CO State Contest 2015 Logo

The “Trick Ladder” began the real contest. Players stood in a circle, and if you missed twice you were out. You had to complete a standardized series of tricks of increasing difficulty. Everyone was encouraged to be honest about their mistakes, and the judges amidst the players guaranteed all were held accountable for their true skills. But the real madness came with the Freestyle competition.

Players picked their music, and hopped on stage to show off tricks they had fine tuned for weeks. Yoyo strings were wrapped around necks and arms. Spinning metal toys whizzed through legs and soared through the air. The crowds went wild. All the players had great enthusiasm. From the newest initiates to the seasoned champions, the boys went all out. There were even impromptu demos of other yoyo styles like “4A,” where the yoyo is thrown off the string, allowing it to sail through the room only to be caught and returned. These were not your grandpa’s yoyo tricks.

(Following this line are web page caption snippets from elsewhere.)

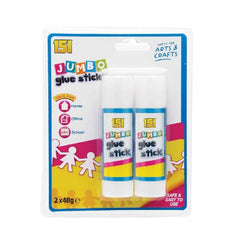 Jumbo Glue Stick (2 pack)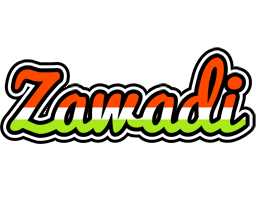 Zawadi exotic logo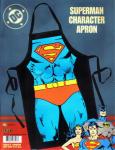 Superman Character Be The Hero Adult Polyester Apron, NEW SEALED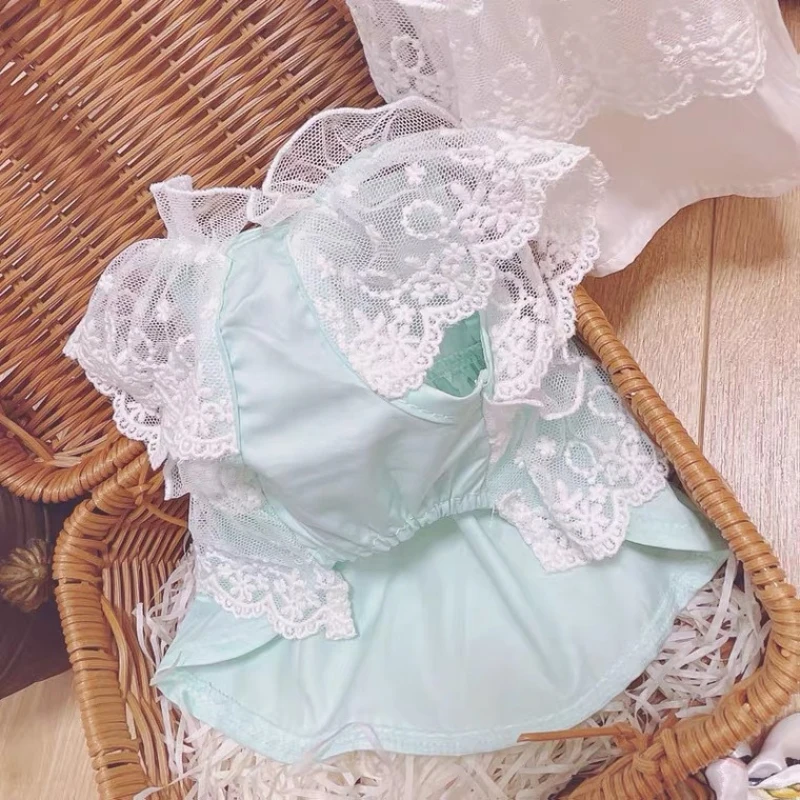 

Dog Wedding Dress Summer Cat Puppy Skirt Chihuahua Yorkshire Pomeranian Shih Tzu maltese Poodle Bichon Schnauzer Dog Clothes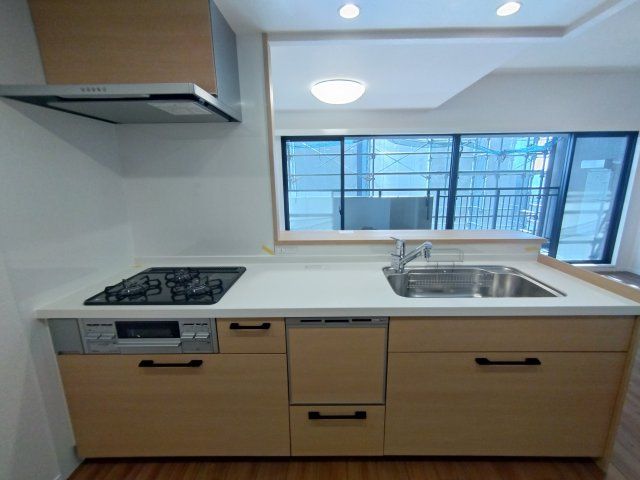香久山パークスクエアN棟のキッチン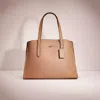 Coach Restored Charlie Carryall In Light Gold/beechwood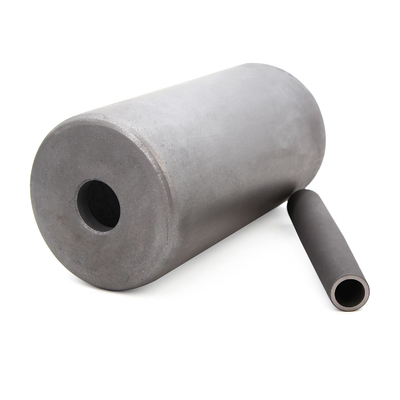 8% Porosité revêtement pyrolytique graphite moulé pour la fonte continue de la laiton Longévité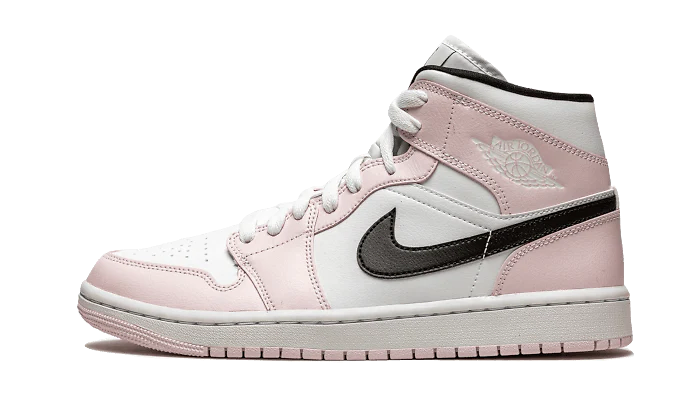 Air Jordan 1 Mid Barely Rose (W) *OSTATNIE ROZMIARY* | OVERCEZ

The competition finished with Chris Rodriguez winning the Freestyle contest. He earned 0.5 technical points less than the 2nd place winner. His showmanship took him to the top. With a sport that lends itself to performing, technicality alone will not win a Freestyle competition. However, the Trick Ladder is all about technical execution, and Taylor Noyes won that with his skill. After all the festivities, $1500 in sponsor prizes were dueled over or raffled off.

Post-Competition, I asked Jon Gates about the male-domination of this sport. He said that boys and girls tend to learn their hand-eye coordination skills differently. Most girls that compete are winning players, because they find yoyos easy to handle. Boys can find it harder, and it inspires them to hone their skills and continue throwing and competing. Being a man of science, I asked my girlfriend if she had ever played with a yoyo. She said that it was simple for her. I thought of my own hours of practice and frustration. I think Jon might be right on this one.

The BoCo Yoyo Club is undoubtedly an atypical Boulder community. Yet the intense creativity of the players, their confidence, and artistic showmanship are vital to much of Boulder’s art culture. This budding group of young men is adding a new dimension to the performing arts scene in the city, and I am all for it. Check out the club Saturdays on Pearl, from 3-5pm. When the contest rolls around next year, hopefully you will join me in the dazzled crowd.